I thought I knew Greece, but I had never heard of Pelion until friends told me about the simple stone house they were staying in, the perfect swimming, the unripened food, the joys of pine- and olive-covered slopes and deserted pebble beaches. When they went on about it as a forgotten corner of Greece, I thought maybe they were exaggerating. But they weren’t.
The peninsula pokes out into the Aegean and then bends back towards the mainland about halfway between Athens and Thessaloniki. The city of Volos and its port sit at the top of this huge bay, Mount Pelion towering above them. And a ridge of hills runs down from the mountain to the southernmost tip, its slopes as thick with chestnut forests and olive groves as they are with myths. Jason and his Argonauts sailed from Pagasae near Volos in search of the golden eece.
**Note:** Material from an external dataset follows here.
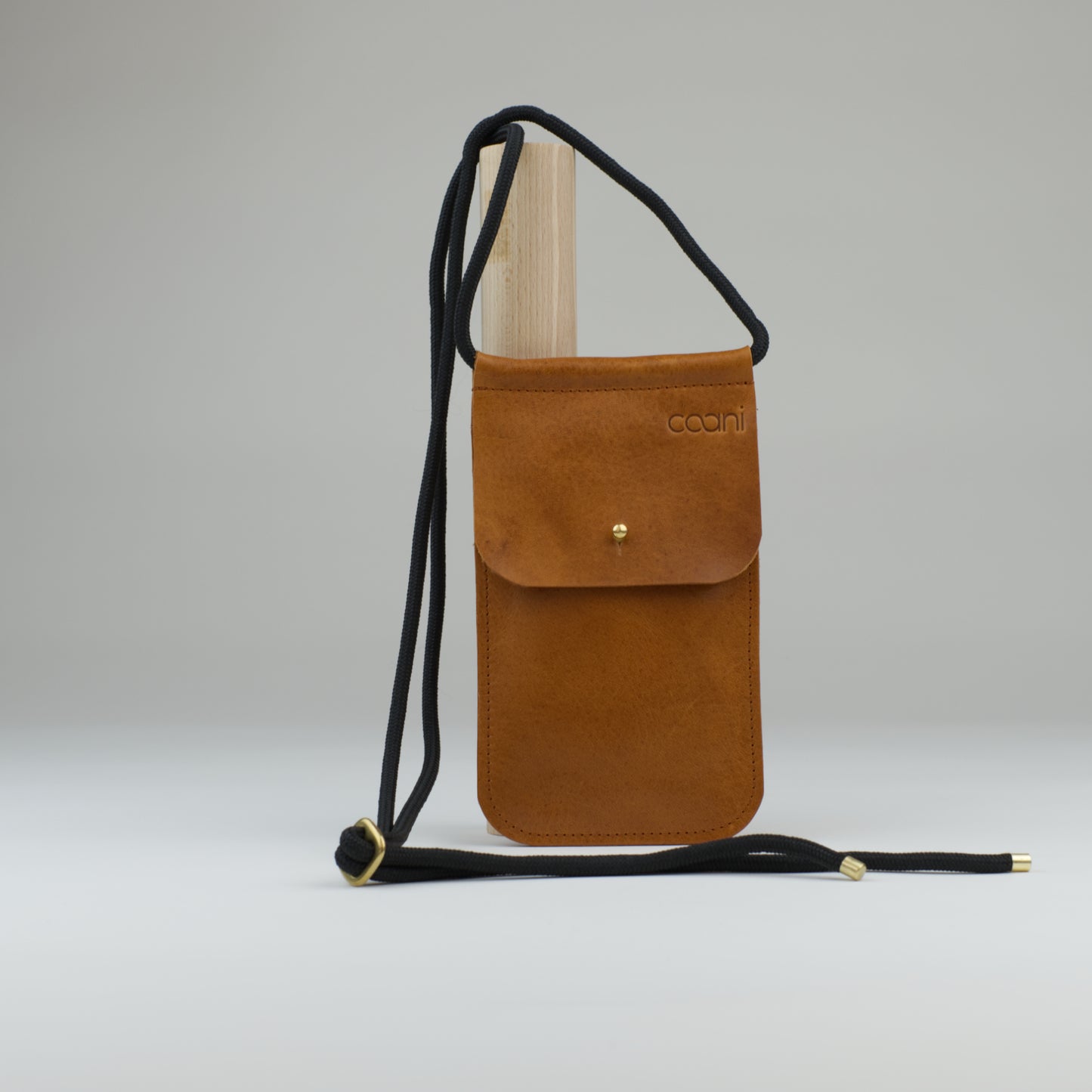 Minitasche `Loki` in Cognac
The forested hills were home to the centaurs, half-man, half-horse, and in a cave on the slopes of Mount Pelion, the semi-divine centaur Chiron instructed Achilles before the hero went to war. This was where gods and mortals feasted together: it was at one of these that Paris was asked to choose the most beautiful woman in all the world, a conversation that led to the Trojan War. More recently, but still long ago, Christian monks came in search of retreat. Like the more famous Mount Athos, on the other side of Thessaloniki, Pelion is dotted with monasteries, some still thriving, some dating to the time of the Crusades. So if this place of respite and pleasure was good enough for gods and mystics, surely it would do for me?
Tom Parker
A beach on the Pagasetic Gulf
It would, and it does. I was happy the first moment I drove down the twisting coast road, even sitting behind a slow local bus. It was late in the day and the light was soft in the olive trees. Over the treetops I caught glimpses of the flat, shifting blues of the Pagasetic Gulf. For a couple of weeks I stayed close to the house I had rented, swimming off its small, stony beach in water as clear as air, making occasional visits to nearby Argalasti or one of the small seaside villages for food and drink. Day by day, the place worked its subtle, irresistible magic. But it was only when I got home, rested, tanned, exercised, restored, that I realised the full wonder of it. The more I talked about it, the more I felt I was describing a version of Greece I had known as a student, when I had slept on beaches on Serifos, Sifnos and elsewhere in the Cyclades, chased fish by day and girls at night. It was busy enough to be accessible and interesting but still relatively undeveloped.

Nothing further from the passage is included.